ENTRIES PROVIDED
********************
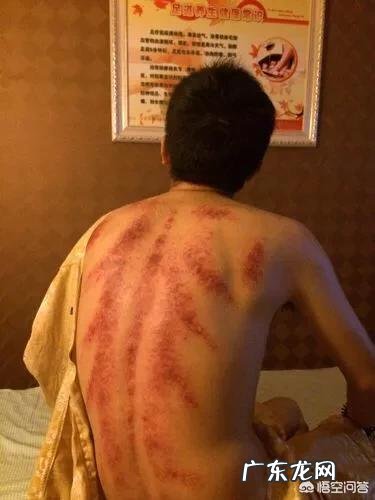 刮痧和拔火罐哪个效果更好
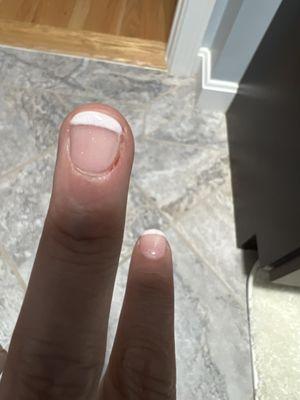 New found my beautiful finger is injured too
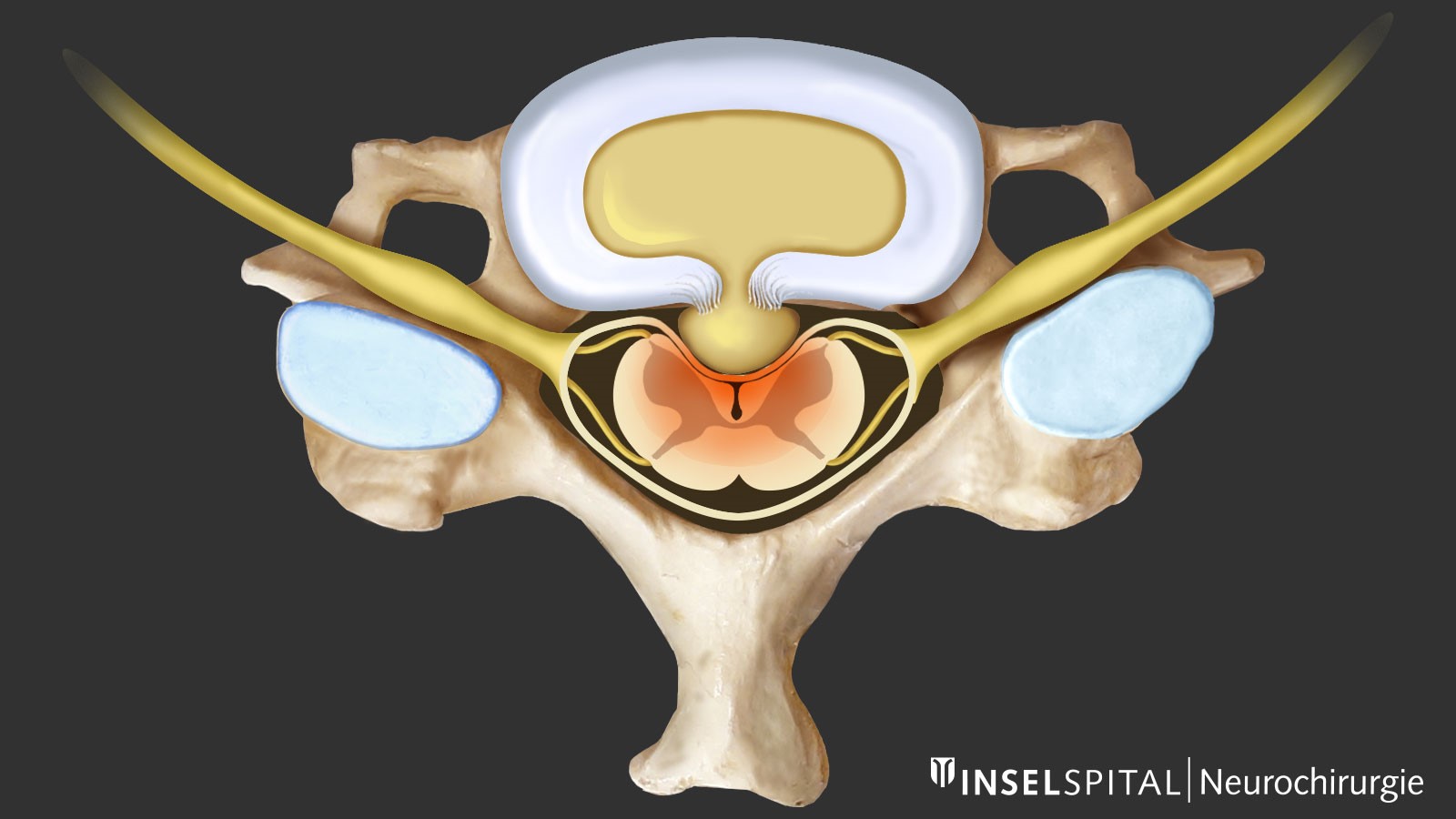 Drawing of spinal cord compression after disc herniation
********************
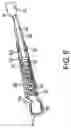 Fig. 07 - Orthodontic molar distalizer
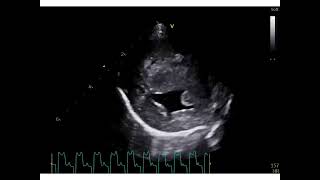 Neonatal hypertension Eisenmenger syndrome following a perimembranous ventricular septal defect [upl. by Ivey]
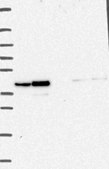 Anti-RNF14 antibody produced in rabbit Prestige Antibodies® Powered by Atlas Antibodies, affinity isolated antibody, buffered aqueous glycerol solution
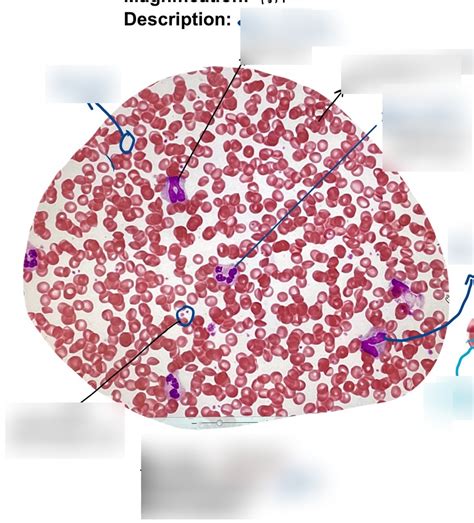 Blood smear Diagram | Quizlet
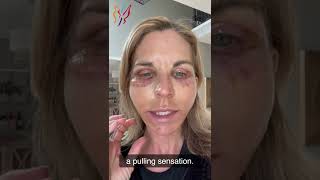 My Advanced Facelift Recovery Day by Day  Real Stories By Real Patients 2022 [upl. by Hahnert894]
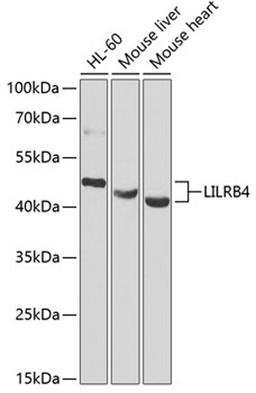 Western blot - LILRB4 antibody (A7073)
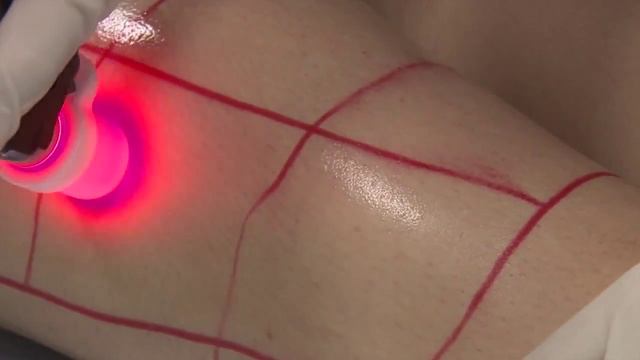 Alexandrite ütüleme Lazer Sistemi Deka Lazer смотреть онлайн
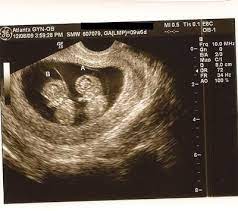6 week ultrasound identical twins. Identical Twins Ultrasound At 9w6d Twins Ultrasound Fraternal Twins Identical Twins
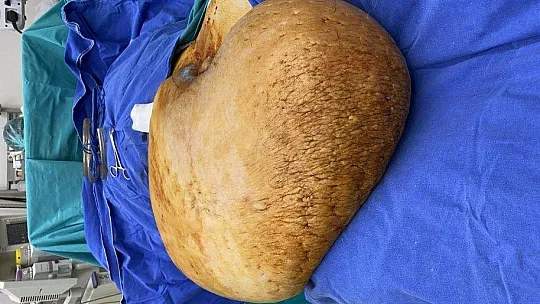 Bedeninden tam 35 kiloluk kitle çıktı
********************
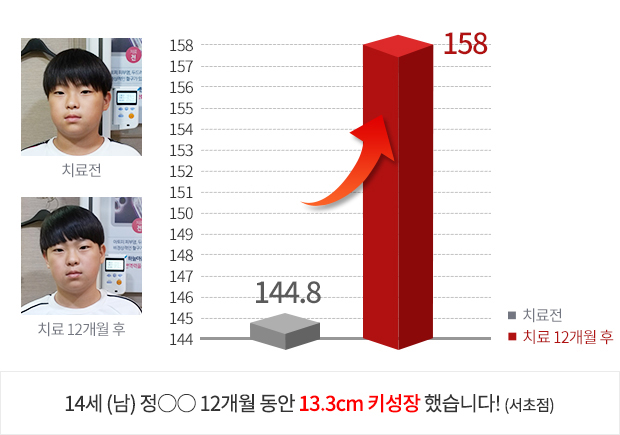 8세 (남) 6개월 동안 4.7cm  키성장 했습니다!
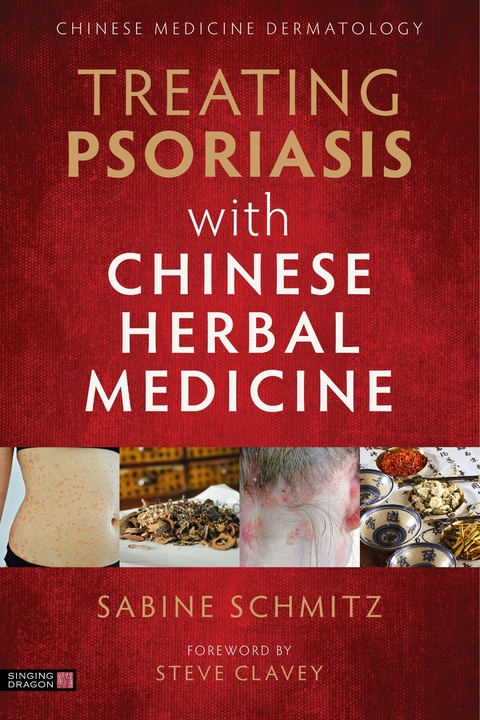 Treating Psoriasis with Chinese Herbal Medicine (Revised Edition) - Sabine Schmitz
********************
WHAT IS EXPECTED
Starting at the line containing "8세 (남) 6개월 동안" and stopping at the line containing "Treating Psoriasis with", output every line above exactly, both ends included, with pictures omitted.

EXERCISE OUTPUT
 8세 (남) 6개월 동안 4.7cm  키성장 했습니다!
 Treating Psoriasis with Chinese Herbal Medicine (Revised Edition) - Sabine Schmitz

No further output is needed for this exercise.